WASHINGTON — Supreme Court justices indicated Tuesday that they are poised to deliver a fresh blow to affirmative action, hinting they will uphold a voter-approved ban on racial preferences at Michigan’s state-run universities.
Hearing arguments in Washington, the court’s Republican-appointed justices suggested they saw the measure as a legitimate ban on racial discrimination. A federal appeals court said the opposite, ruling that the affirmative action ban unconstitutionally stripped racial minorities of their rights.
‘‘Is it unreasonable for the state to say, ‘Look, race is a lightning rod’?’’ Chief Justice John Roberts said. He asked why a state couldn’t take racial classifications ‘‘off the table’’ and try to achieve diversity through other means.

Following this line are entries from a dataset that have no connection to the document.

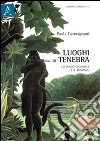 Luoghi di tenebra. Lo spazio coloniale e il romanzo libro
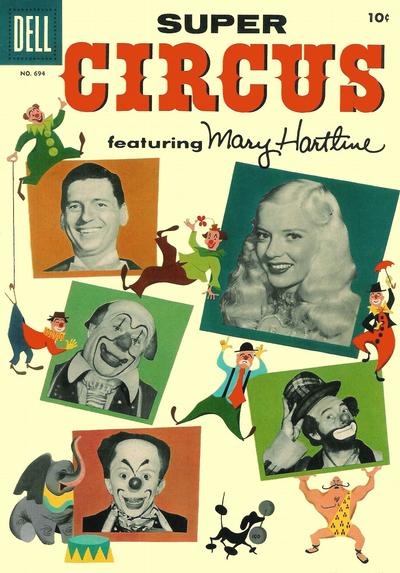 Cover for Four Color (Dell, 1942 series) #694 - Super Circus featuring Mary Hartline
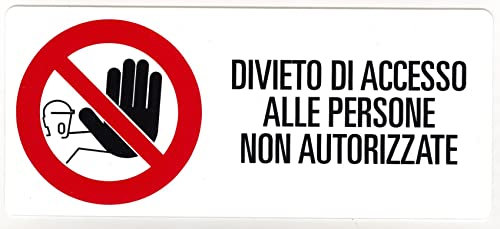 TIESSE - Cartello DIVIETO DI ACCESSO ALLE PERSONE NON AUTORIZZATE - Cartello in Forex (PVC espanso) non adesivo - Dimensione: 210x90 mm - MADE IN ITALY
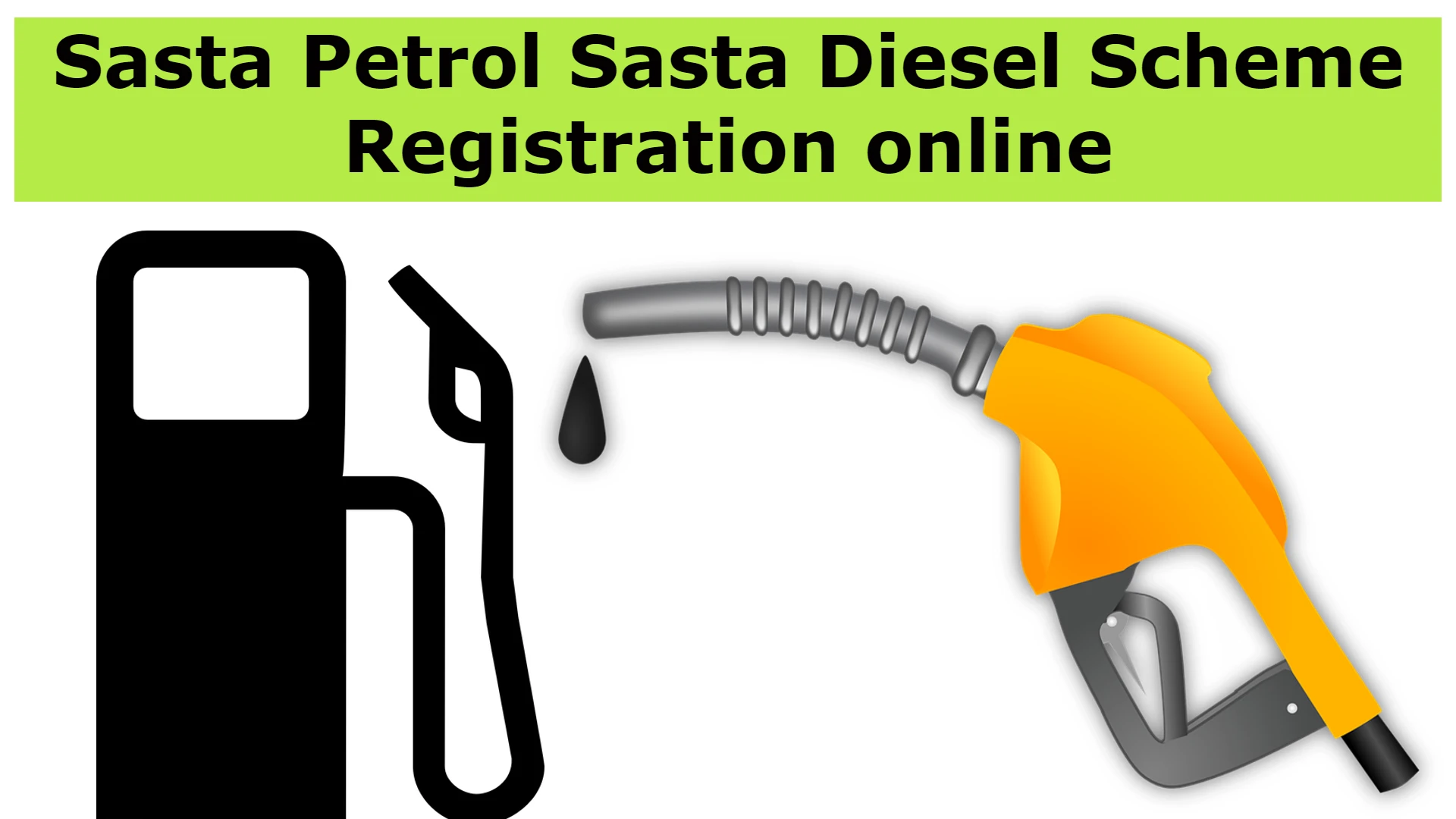 Sasta Petrol Sasta Diesel Scheme Registration online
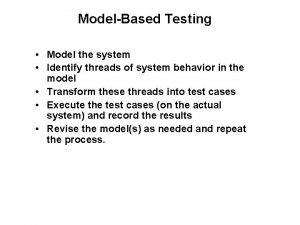 ModelBased Testing Model the system Identify threads of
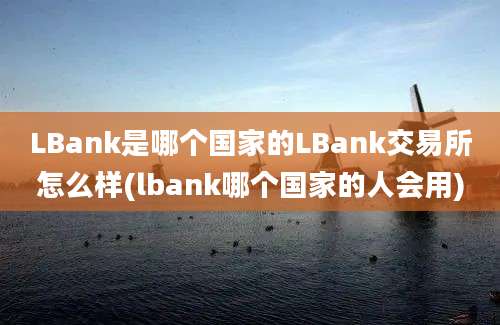 LBank是哪个国家的LBank交易所怎么样(lbank哪个国家的人会用)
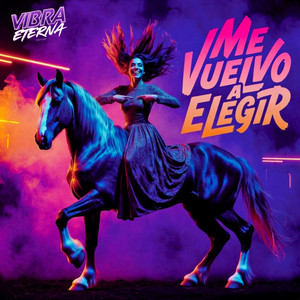 Vibra Eterna - ME VUELVO A ELEGIR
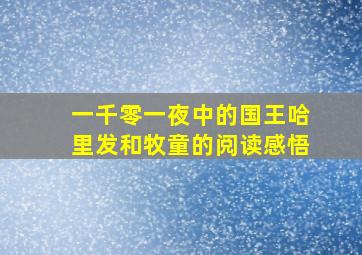 一千零一夜中的国王哈里发和牧童的阅读感悟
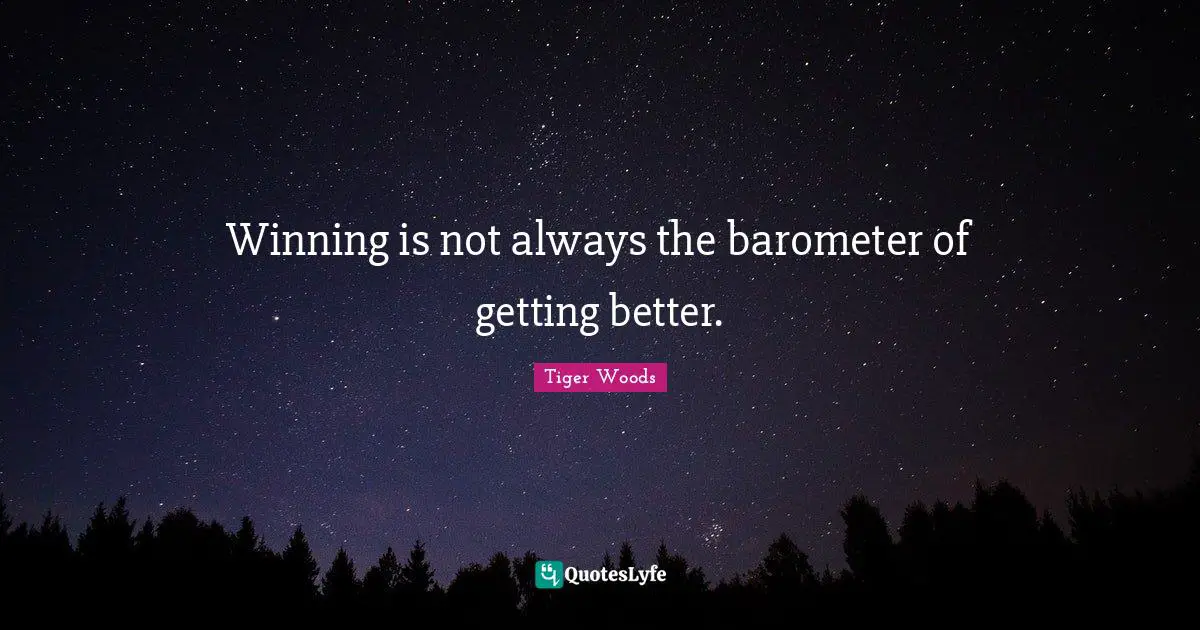 Winning is not always the barometer of getting better.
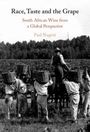 Paul Nugent: Race, Taste and the Grape, Buch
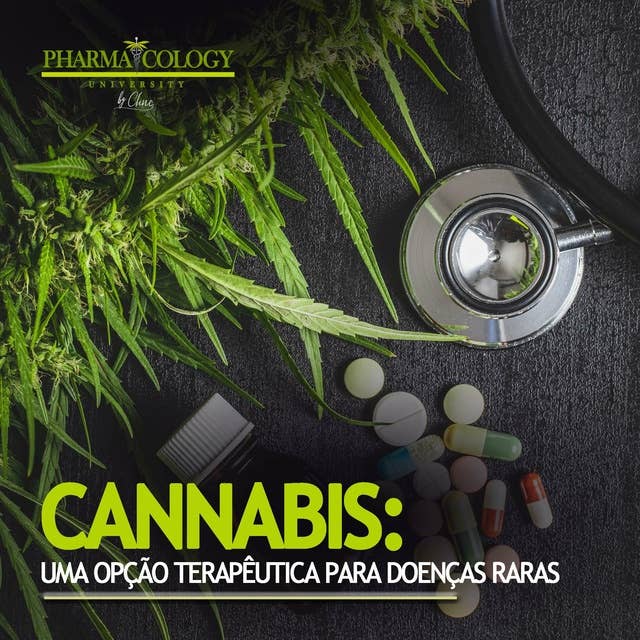 Cannabis: uma opção terapêutica para doenças raras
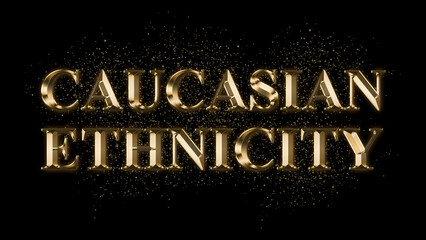 CAUCASIAN ETHNICITY Gold Text Effect on black background, Gold text with sparks, Gold Plated Text Effect, shiny gold font effect on black background, text effect with 3d style, font. vector template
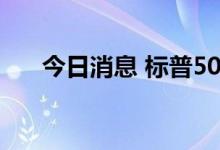 今日消息 标普500指数盘初跌幅达1%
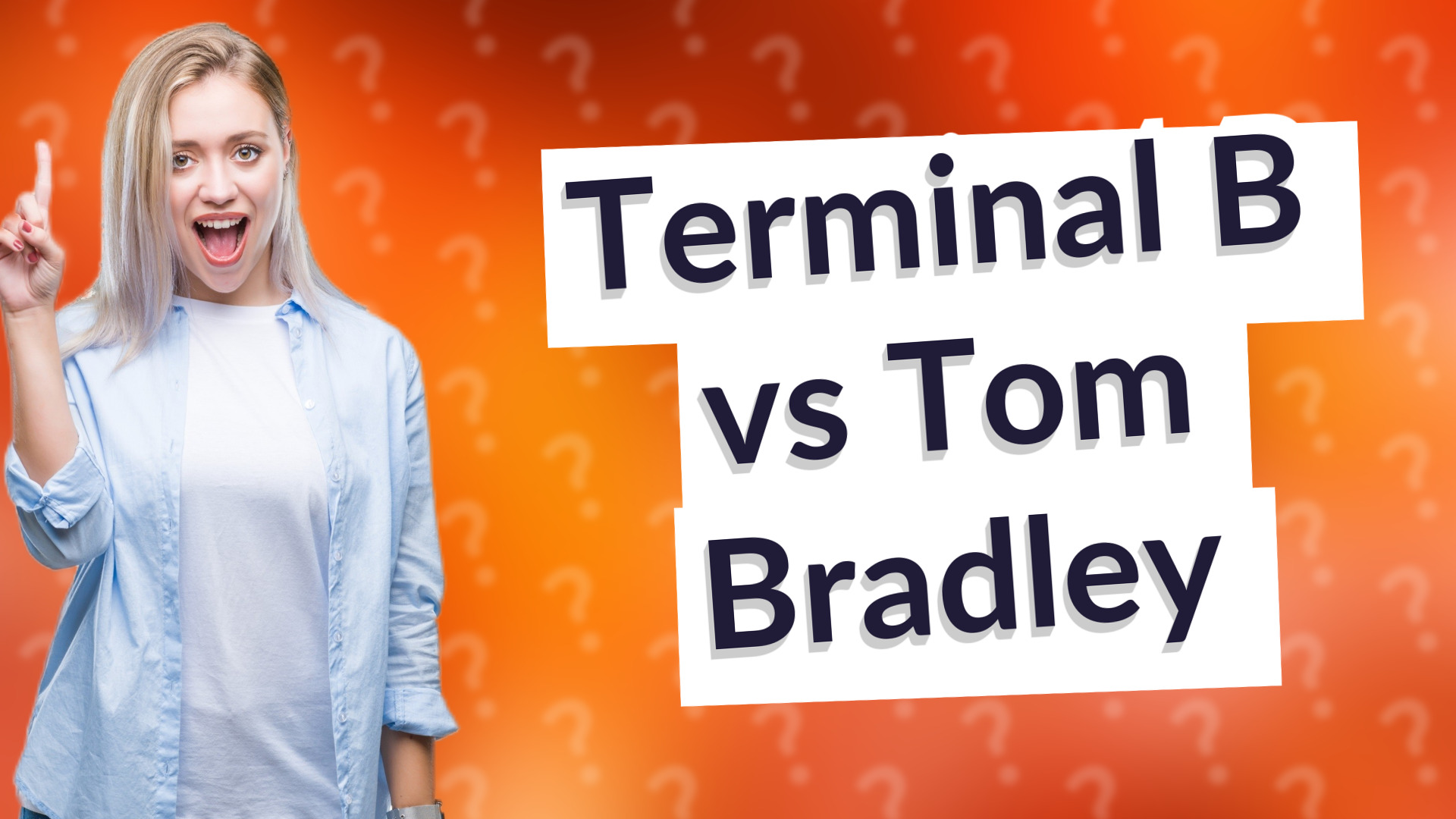 Terminal B vs Tom Bradley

A decision backing the initiative would have symbolic as well as substantive importance. A decade ago the University of Michigan won a Supreme Court decision that let institutions across the country continue to use race as one factor in the admissions process.
Three years later, the Michigan ballot initiative amended the state constitution to block such use at state schools, nullifying the Supreme Court decision for the very university that secured it. Black enrollment is down about 30 percent at the undergraduate and law schools since the measure took effect, according to university figures.
Justice Sonia Sotomayor, the court’s lone Hispanic, said that one of the sponsors of the measure had said the goal was to ‘‘bring back’’ segregation. ‘‘And it appears to have done just that,’’ she said.
As the justices heard arguments, about 200 affirmative action supporters gathered on the sidewalk in front of the court building, displaying signs and listening to speakers. Most members of the group were college-age or younger.
Justice Elena Kagan has recused herself from the case. She was President Obama’s solicitor general when the administration had a chance to get involved in the litigation.
Roberts has sought to steer the court toward a color-blind approach to the Constitution. The justices last year overturned a core part of the Voting Rights Act, the law designed to protect minorities at the polls. The court also issued a compromise ruling that ordered tougher judicial scrutiny of university affirmative action programs.
The latest case involves different legal issues from those in past affirmative action disputes. Rather than debating whether universities violate the rights of white students with affirmative action programs, the court is considering whether state bans on racial preferences amount to discrimination against minorities.
Michigan is one of 10 states where race-conscious admissions are barred as a matter of law.
A federal appeals court said the Michigan measure put racial minorities at a unique disadvantage. The 8-7 decision said minorities are barred from asking universities for special preferences — something athletes, band members, and children of alumni could still do.
The measure ‘‘singles out race for different treatment,’’ Mark Rosenbaum, a lawyer with the American Civil Liberties Union arguing against the law, said Tuesday.
That position gained little traction among court conservatives. Justice Anthony Kennedy, usually the swing vote on issues involving race, questioned the limits of Rosenbaum’s argument. Kennedy asked whether the state legislature, a state executive department, or a university president could bar the use of race in admissions. Roberts and Justice Samuel Alito asked similar questions.
‘‘At what point is it that your objection takes force?’’ Kennedy asked.
The court will rule by July in the case.